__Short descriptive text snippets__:
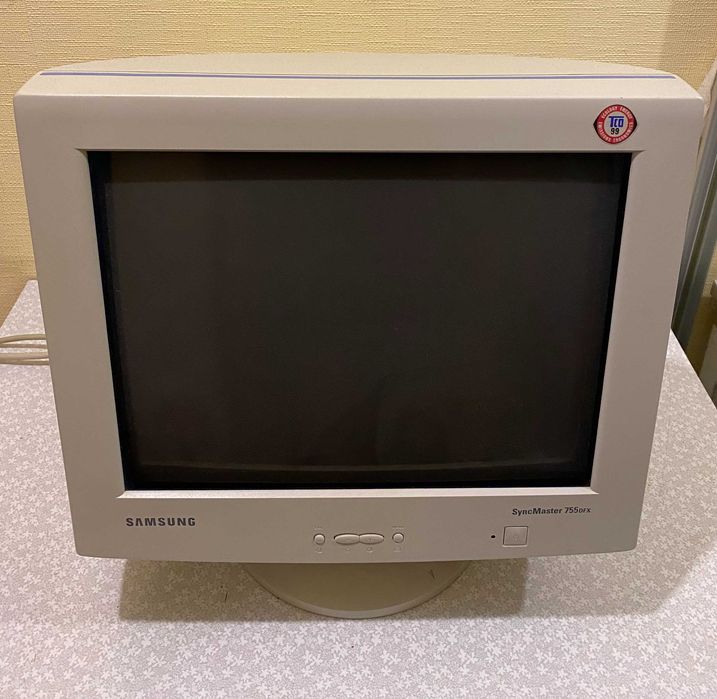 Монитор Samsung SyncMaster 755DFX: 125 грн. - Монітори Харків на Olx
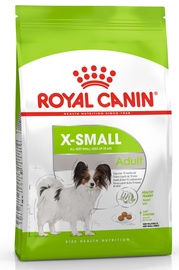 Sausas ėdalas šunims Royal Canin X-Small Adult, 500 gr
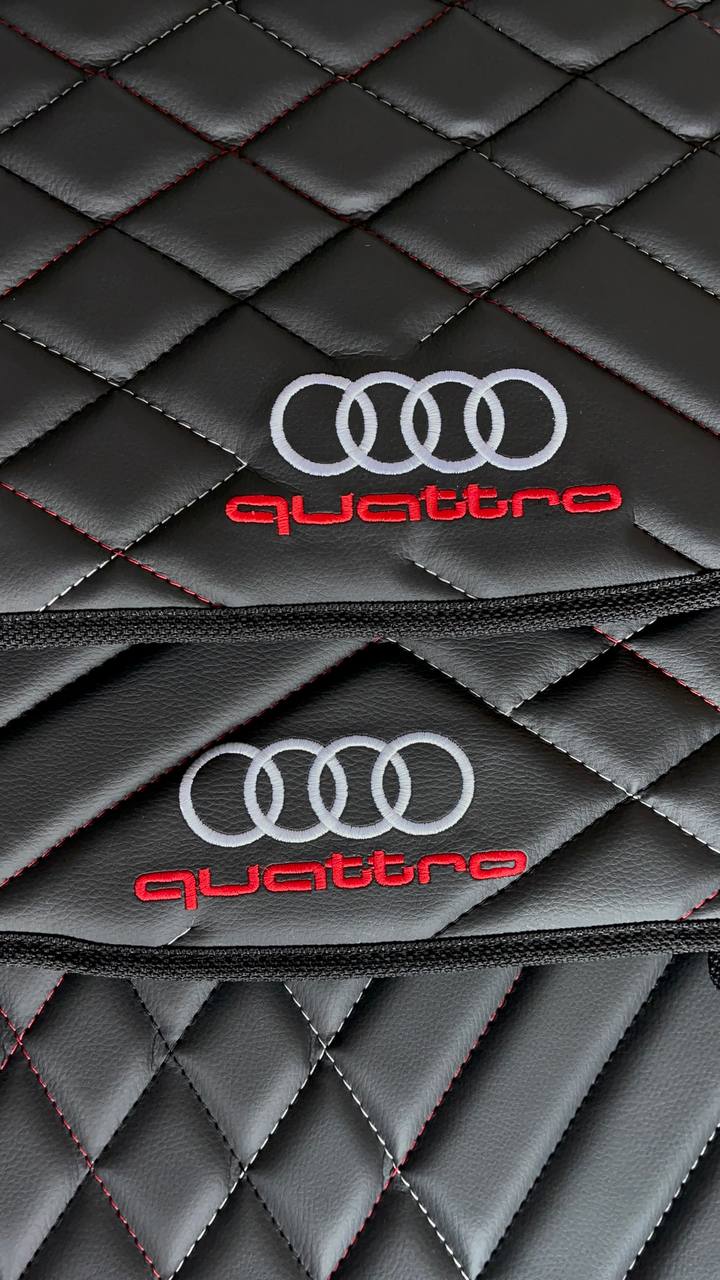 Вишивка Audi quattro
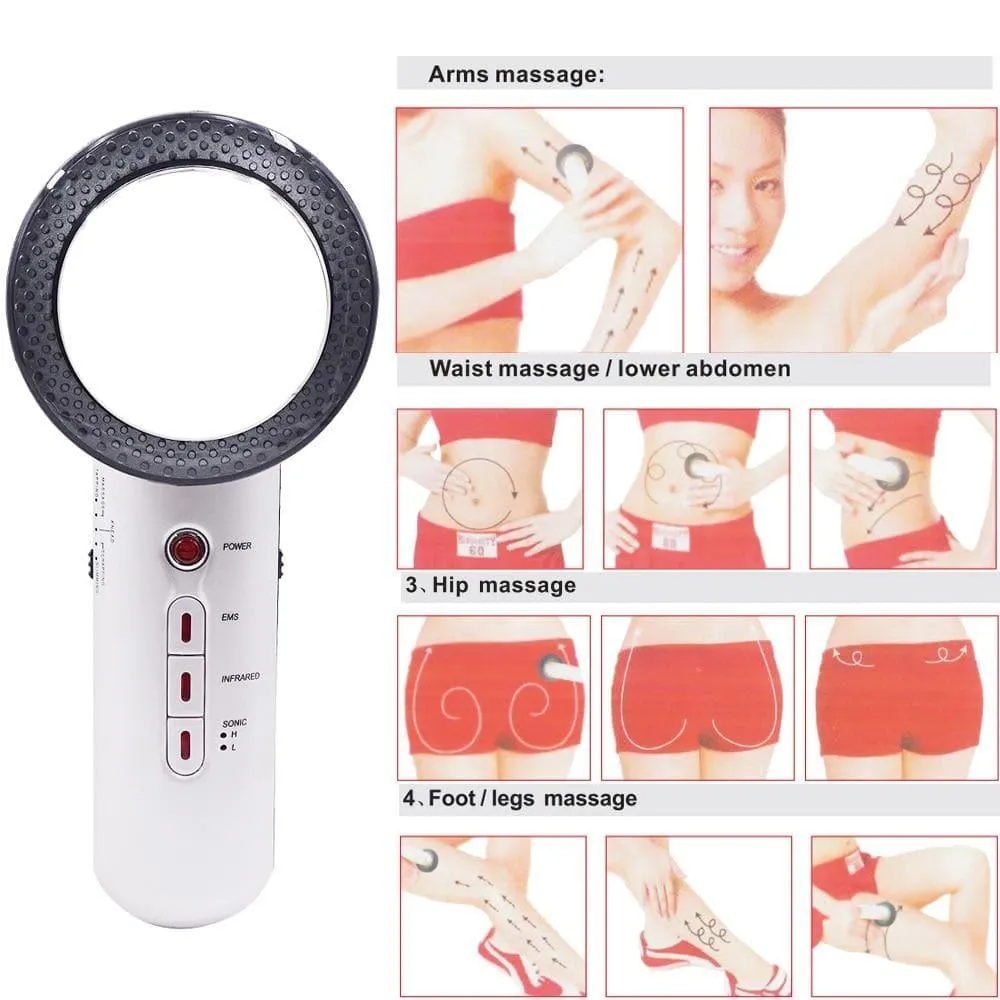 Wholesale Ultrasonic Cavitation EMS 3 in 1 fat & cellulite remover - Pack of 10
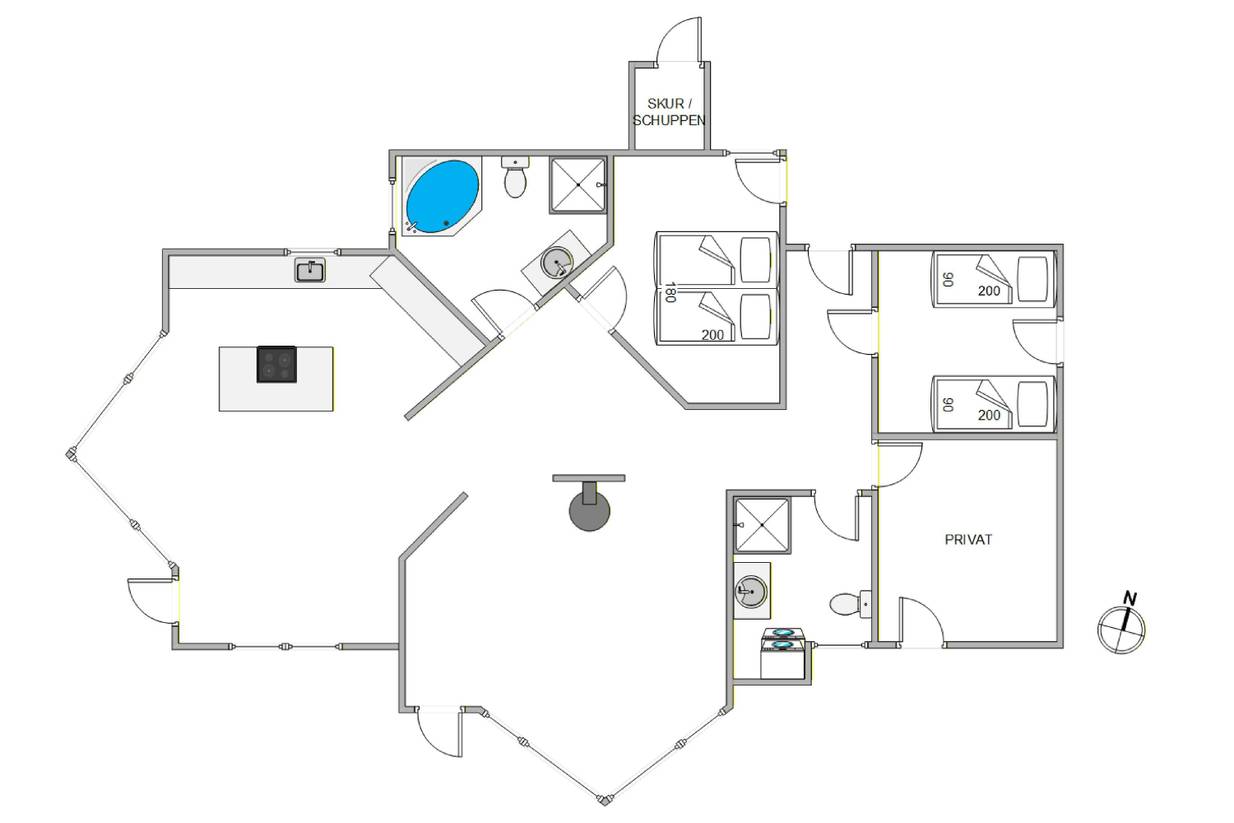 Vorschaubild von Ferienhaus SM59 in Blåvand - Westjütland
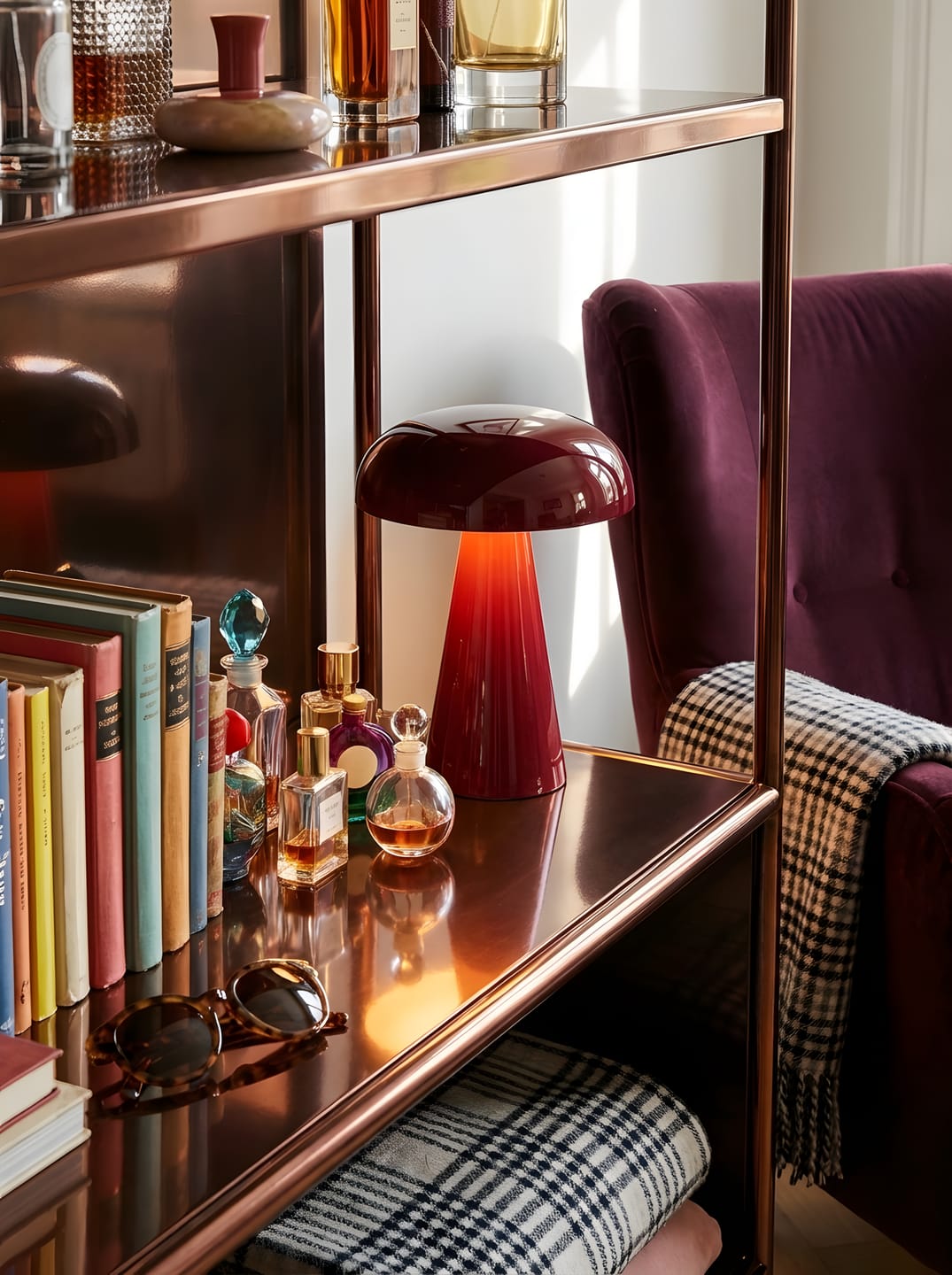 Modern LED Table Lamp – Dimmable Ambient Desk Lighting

__Work request__: Return all the data above as written, leaving out only the pictures.

__Exercise answer__:
 Монитор Samsung SyncMaster 755DFX: 125 грн. - Монітори Харків на Olx
 Sausas ėdalas šunims Royal Canin X-Small Adult, 500 gr
 Вишивка Audi quattro
 Wholesale Ultrasonic Cavitation EMS 3 in 1 fat & cellulite remover - Pack of 10
 Vorschaubild von Ferienhaus SM59 in Blåvand - Westjütland
 Modern LED Table Lamp – Dimmable Ambient Desk Lighting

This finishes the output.